Los seguí a una distancia prudencial.
Al llegar a la esquina doblaron hacia la izquierda y siguieron hacia Pueyrredón. Allí se detuvieron frente a uno de los postes indicadores de transporte. Había una cola de unas cuantas personas, hombres y mujeres; pero, a iniciativa de un señor con portafolio y anteojos, de aspecto honorable, pero que intuí era un implacable sinvergüenza, todos dieron preferencia al “cieguito”.
Y así se rehízo la fila detrás de nuestros dos hombres.

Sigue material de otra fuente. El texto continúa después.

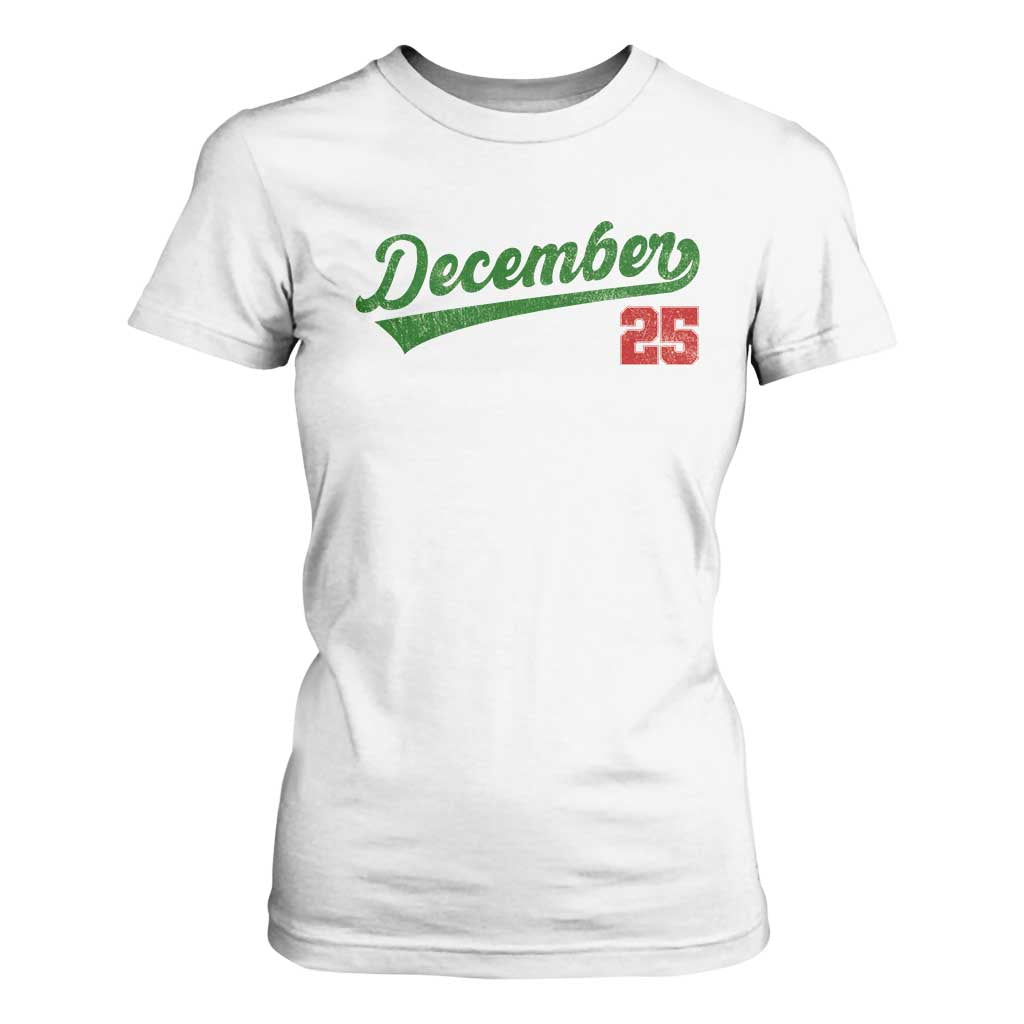 Retro Christmas December 25 T Shirt For Women Retro Vintage Script Holiday Trip TS10 White Print Your Wear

En el poste había marcados tres números, y eran para mí la clave inicial de un gran enigma: ya no eran los números de ómnibus que iban a Retiro y a la Facultad de Derecho, al Hospital de Clínicas o a Belgrano sino a las puertas de lo Desconocido.
Subieron al ómnibus que va a Belgrano y yo detrás de ellos, después de hacer pasar ante mí a un par de personas que debían servirme de aisladores.

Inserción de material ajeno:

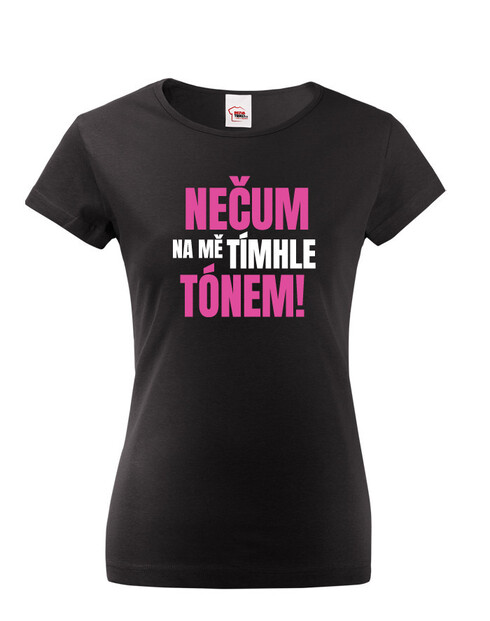 Dámske tričko Nečum na mňa týmto tónom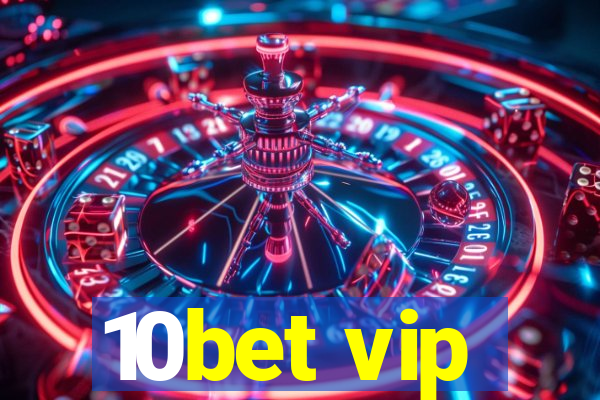 10bet vip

Cuando el ómnibus llegó a Cabildo, me empecé a preguntar en qué parte de Belgrano bajarían. El ómnibus siguió sin que el hombrecito diera señales de preocupación. Hasta que al llegar a Virrey del Pino empezó a pedir paso y se acomodaron al lado de la puerta de bajada. Descendieron en la calle Sucre. Por Sucre siguieron hasta Obligado y por esta calle, derecho hacia el norte, hasta Juramento, por ella hasta Cuba, por Cuba nuevamente hacia el norte, al llegar a Monroe volvieron a Obligado y, por esta calle, volvieron a la placita por la que habían pasado antes, esa placita que está en Echeverría y Obligado.

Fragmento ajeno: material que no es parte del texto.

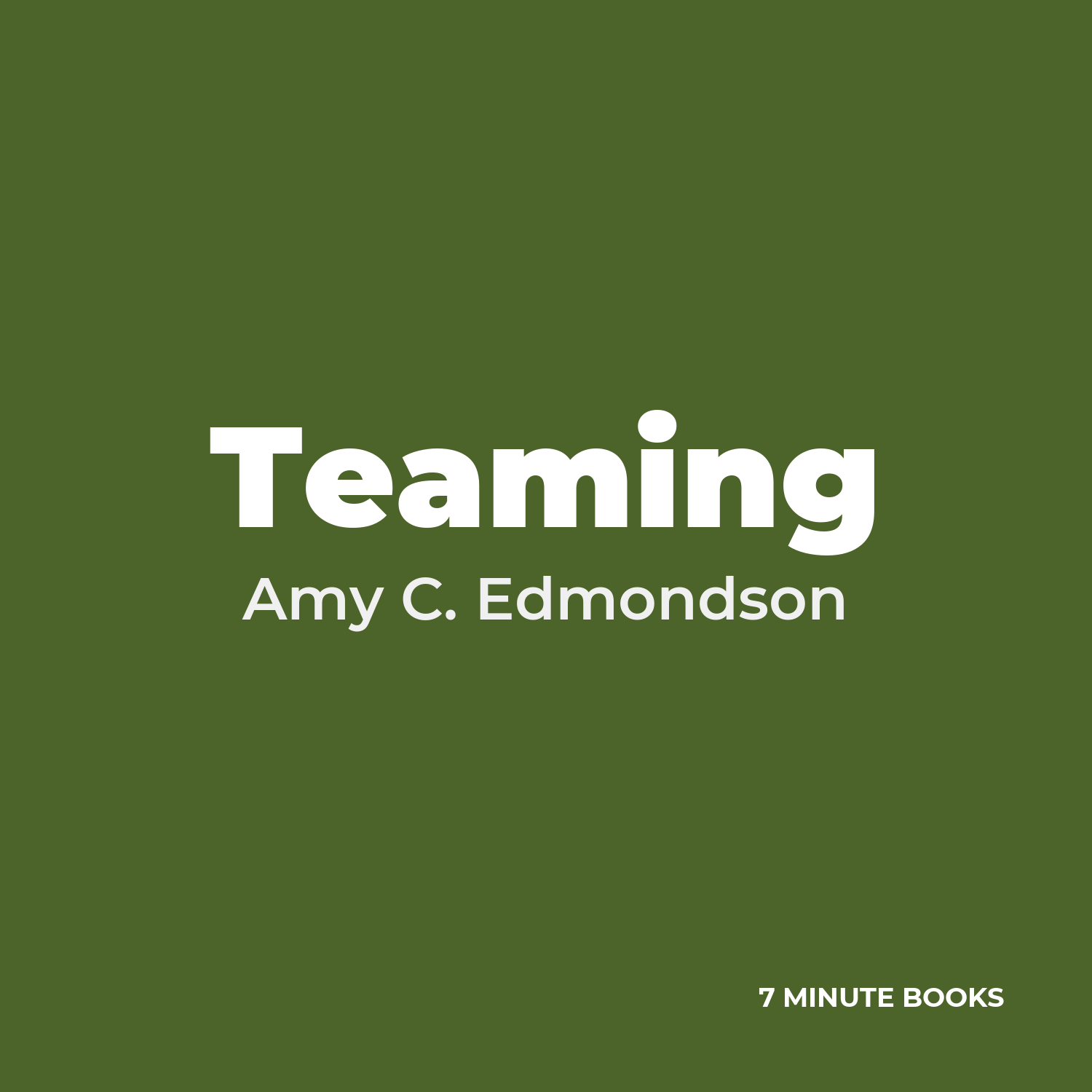 Teaming — by Amy C. Edmondson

Era evidente: se trataba de despistar. Pero ¿a quién? ¿A mí? ¿,A cualquier presunto individuo que, como yo, anduviese en la pista? Esa hipótesis no era descartable, pues, como es natural, no he sido yo el primero que ha intentado penetrar en el mundo secreto. Es probable que a lo largo de la historia humana haya habido muchos y, en cualquier caso, sospecho de dos: uno, Strindberg, que pagó con la locura; y el otro, Rimbaud, a quien se empezó a perseguir ya antes del viaje al África, tal como se entrevé en una carta que el poeta mandó a su hermana y que Jacques Riviére interpreta erróneamente.
También cabía la suposición de que se tratara de despistar a Iglesias, teniendo presente el finísimo sentido de orientación que adquiere el hombre desde el momento en que pierde la vista. Pero ¿para qué?
Sea como fuere, después de aquel recorrido iterativo volvieron a la placita donde está la Iglesia de la Inmaculada Concepción. Por un instante creí que entrarían en ella, y vertiginosamente pensé en criptas y en algún secreto pacto entre las dos organizaciones. Pero no: se dirigieron hacia ese curioso rincón de Buenos Aires, formado por una fila de viejas casas de dos pisos, tangentes al círculo de la Iglesia.
Entraron por una de las puertas que da a los pisos altos y comenzaron a subir la sórdida y vieja escalera de madera.